Group A also had a sting in the tail. Jarmo Matikainen's well-organised Wales coped stoutly with Denmark, England and France for long periods only for the hosts to lose all three games. England, withstanding sustained pressure against France, reacted after the interval to earn a goalless draw in their opening match. Gilles Eyquem's French side fell behind to a Danish penalty early in their second fixture, but hit back with three goals in 16 minutes. The scenario on the last matchday was that France and England had four points apiece and Denmark three. Les Bleuettes took their tally to seven by downing the hosts 3-0. Yet the other game provided the surprise climax. Denmark, needing to win and pushing forward after conceding a 34th-minute penalty, consummated their elimination by shipping two more goals in the last five minutes. Those late strikes handed England top spot on goal difference and the French, to their consternation, found themselves facing Germany in the semis.
Eyquem, however, did his homework. During the first half of the match in Llanelli, the focus was on defusing Germany's explosive attacking play by keeping six players behind the ball. The strategy was jeopardised by frequent loss of possession against the Germans' ferocious high pressing but, after a goalless first half, Eyquem threw on Kadidiatou Diani and Claire Lavogez to play wide on the left and right respectively. Diani responded with two goals in as many minutes, with Germany's solitary reply an added-time penalty while France were reduced to ten after the dismissal of captain Griedge M'Bock Bathy.
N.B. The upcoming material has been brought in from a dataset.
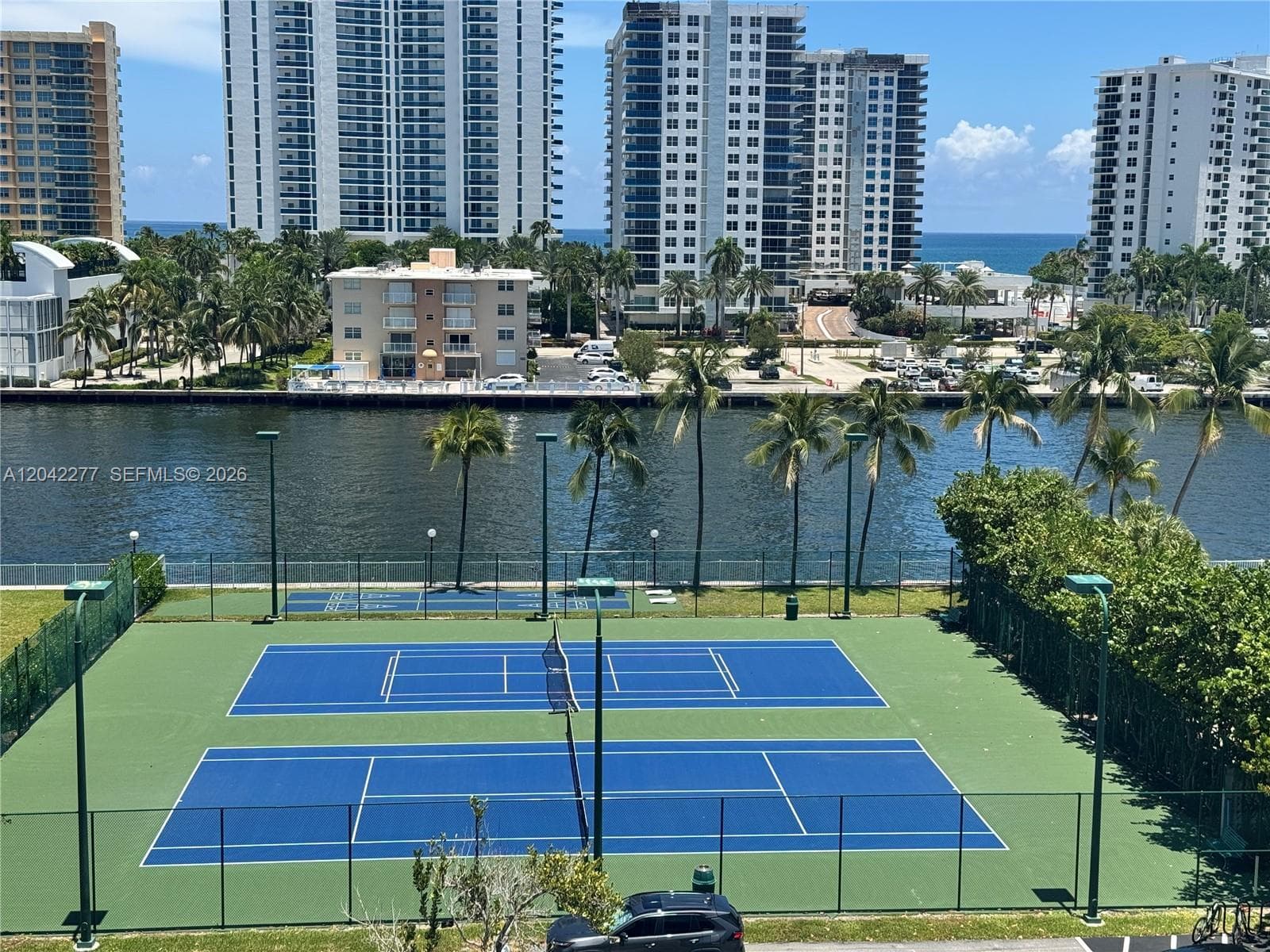 OCEANVIEW PARK CONDO · #726 in Hallandale Beach - Photo 1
In the other semi-final, the Finns were overwhelmed by England's commitment, power and speed to the ball, being undone three times before half-time and finally bowing out with a 4-0 defeat. The outcome represented rich dividends for Mo Marley's game plan and an effective execution of it by a team seemingly growing in stature and confidence by the match. The tournament was going to close with a fascinating sequel between the sides who had drawn 0-0 on the opening day.